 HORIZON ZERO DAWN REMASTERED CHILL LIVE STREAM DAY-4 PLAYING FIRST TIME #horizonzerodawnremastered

####################

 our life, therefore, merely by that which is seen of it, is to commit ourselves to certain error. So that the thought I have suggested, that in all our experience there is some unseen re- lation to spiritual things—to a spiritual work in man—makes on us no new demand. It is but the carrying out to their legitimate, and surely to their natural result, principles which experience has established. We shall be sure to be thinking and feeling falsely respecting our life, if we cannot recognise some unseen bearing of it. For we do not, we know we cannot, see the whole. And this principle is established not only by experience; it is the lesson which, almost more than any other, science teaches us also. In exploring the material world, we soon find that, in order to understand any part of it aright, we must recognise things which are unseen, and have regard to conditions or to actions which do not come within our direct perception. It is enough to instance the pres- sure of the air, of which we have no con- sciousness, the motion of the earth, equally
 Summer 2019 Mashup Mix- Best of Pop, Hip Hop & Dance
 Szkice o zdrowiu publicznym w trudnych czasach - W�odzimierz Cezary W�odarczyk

####################

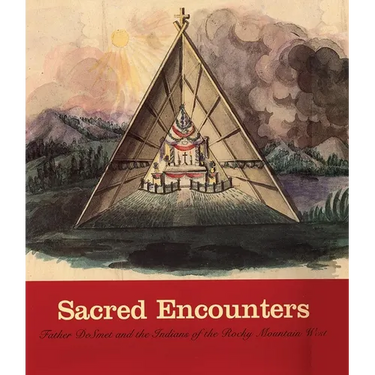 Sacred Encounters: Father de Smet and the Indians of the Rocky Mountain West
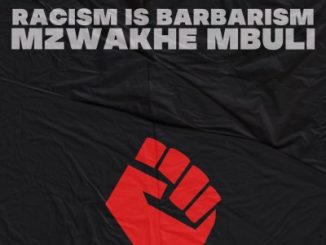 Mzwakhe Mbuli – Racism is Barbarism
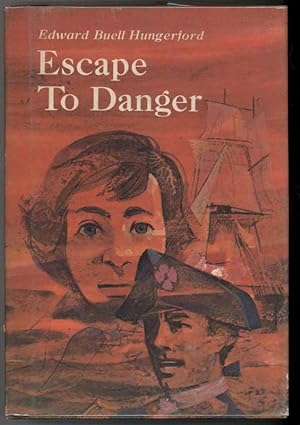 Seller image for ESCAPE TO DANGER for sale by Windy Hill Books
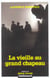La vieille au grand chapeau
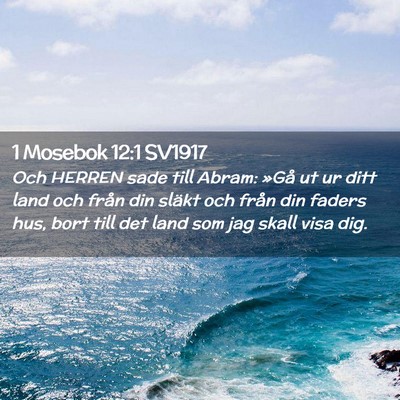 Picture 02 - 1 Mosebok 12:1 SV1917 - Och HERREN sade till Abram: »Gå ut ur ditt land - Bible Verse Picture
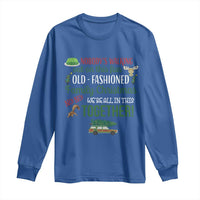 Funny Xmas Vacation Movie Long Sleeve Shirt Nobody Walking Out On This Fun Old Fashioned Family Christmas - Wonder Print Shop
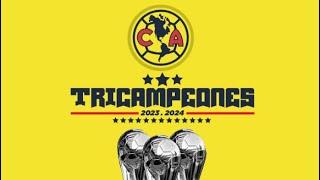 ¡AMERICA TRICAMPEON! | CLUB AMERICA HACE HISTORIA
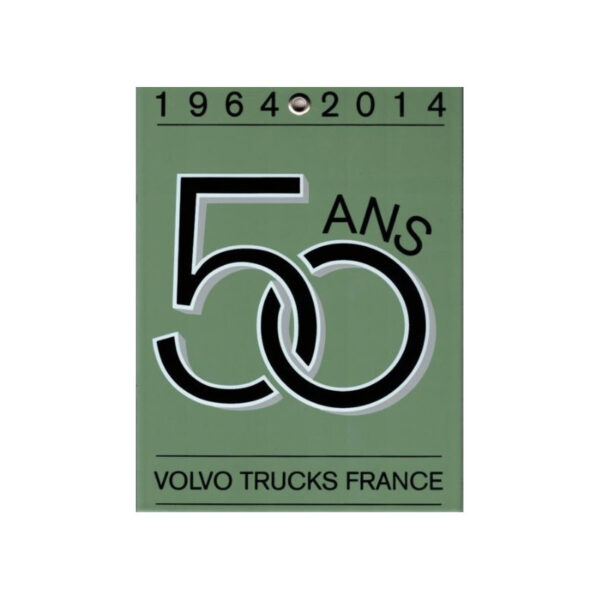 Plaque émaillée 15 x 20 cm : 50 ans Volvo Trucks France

####################

■ Exercise brief ■
Transcribe exactly the lines above, beginning at the one with "La vieille au grand chapeau" and going up to and including the one with "Funny Xmas Vacation". Pictures do not belong in the copy.

■ Solution to this task ■
La vieille au grand chapeau
 Picture 02 - 1 Mosebok 12:1 SV1917 - Och HERREN sade till Abram: »Gå ut ur ditt land - Bible Verse Picture
 Funny Xmas Vacation Movie Long Sleeve Shirt Nobody Walking Out On This Fun Old Fashioned Family Christmas - Wonder Print Shop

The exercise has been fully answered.